Russian President Vladimir Putin has taken a ride in a submersible to visit the remains of an ancient shipwreck off the coast of the Crimea peninsula.
Putin embarked on his 45-minute underwater expedition on Tuesday to have a glimpse of the newly-found sunken Byzantine galley on the Black Sea’s bed in the vicinity of the southwestern port city of Sevastopol.
“The galley was quite hard to see, as it was covered with 40 cm of ooze, but the ship is supposedly 27-30 meters long, and 13-15 meters wide… There are many objects, like amphorae, just scattered around there,” Putin later told journalists.
“It is still to be investigated by experts. I have to say that there are not that many similar remains like this in the north of the Black Sea,” the Russian president added.
He plunged down to a depth of 83 meters in the three-seat Dutch-made mini submarine as part of a Russian Geographic Society expedition researching Crimea’s ancient trade route.

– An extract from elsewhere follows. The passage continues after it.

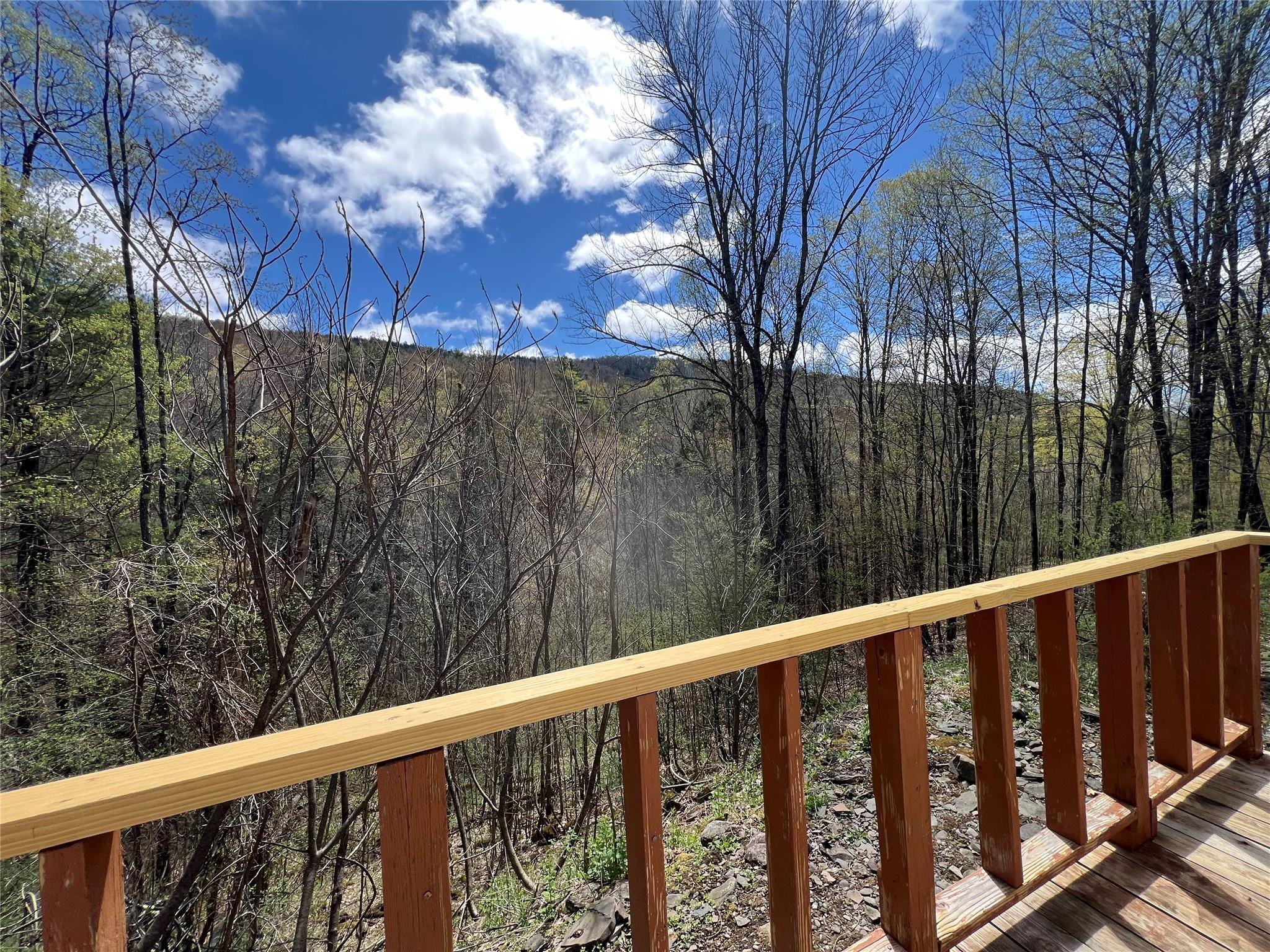 Single Family Huntley Hollow  Delaware County, NY 13752, MLS-855967-6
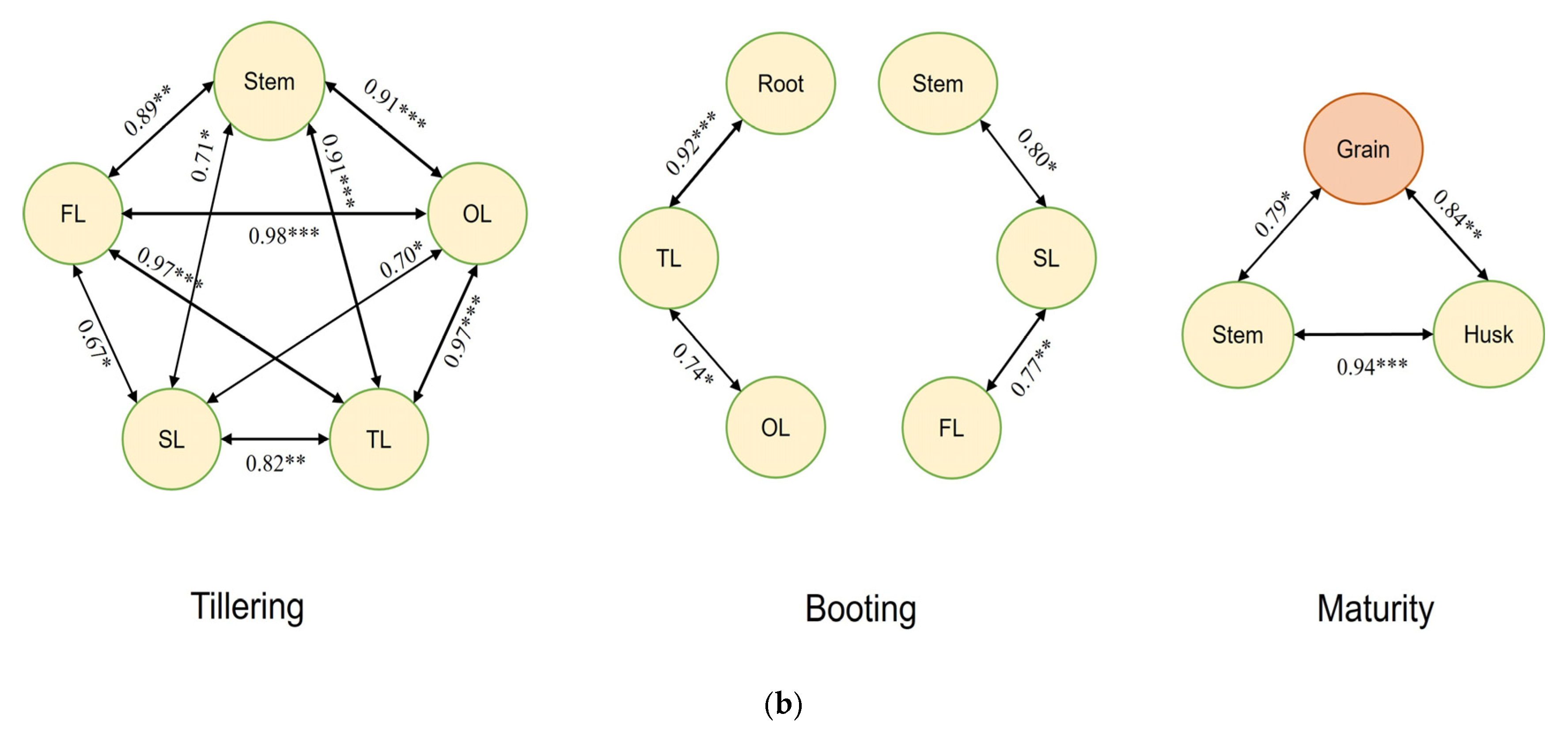 Agronomy 15 02740 g005b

The trip was made “to make sure once again how deep our historical roots lie, how deep our history of relations with the whole world is,” Putin further said, adding that such expeditions were essential “to understand how Russia’s national identity was established.”
It is not the first time the Russian leader takes a trip to the underwater. Back in 2009, he went 1,400 meters down in a sub to the bottom of Lake Baikal, located in Russia’s southern Siberia, and in 2013, he made a half-hour underwater expedition in a mini submersible craft to see the remains of the naval frigate Oleg, which sank in the Gulf of Finland in the Baltic Sea in 1869.